Zhou and colleagues injected a cocktail of reprogramming factors directly into the pancreas of mice and converted exocrine cells into insulin-producing β-cells with an efficiency of 20%. Using a similar strategy, other studies have converted cardiac fibroblasts into cardiomyocytes and astrocytes into neurons in vivo. One (of the many) remaining problems is the successful integration of these cells into resident tissues. In Zhou’s case, most of the induced β-cells remained scattered and did not contribute to existing islets, which probably explained their limited capacity to restore glucose homeostasis.
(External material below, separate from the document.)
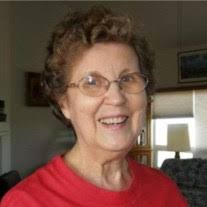 Agnes (Aggie) Haller Obituary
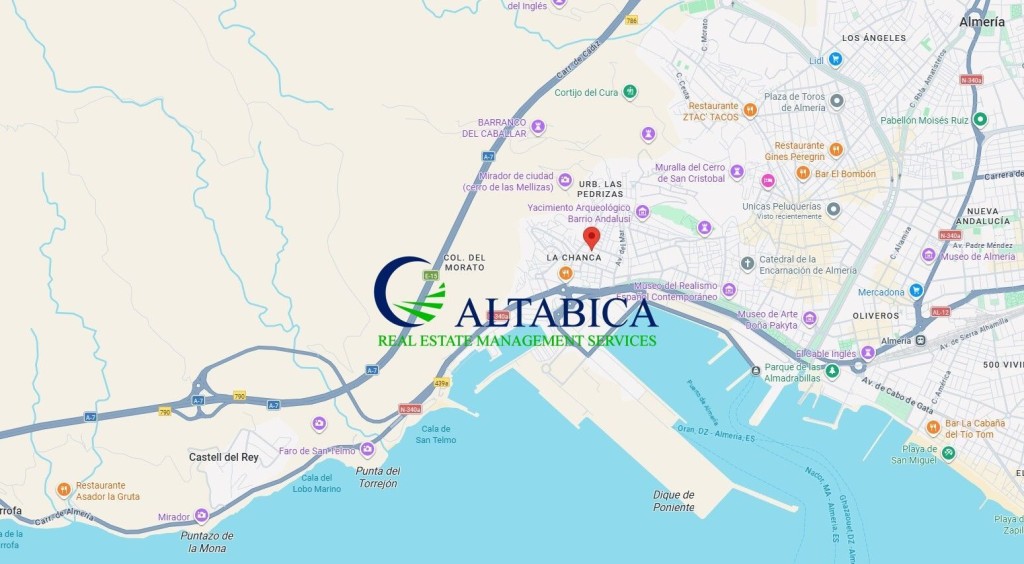 Piso en Venta en Almería Almería - foto 7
Nonetheless, these experiments provide proof-of-concept that cells resident within living organisms can be instructed to stop what they are doing and undergo a radical makeover.
The alchemists never succeeded in making gold. But in just a few decades, scientists have managed to convert the humble fibroblast into functioning heart and nerve cells, the 21st century equivalent of turning water into wine. We will be watching closely to see what miraculous transformations the next few years have in store.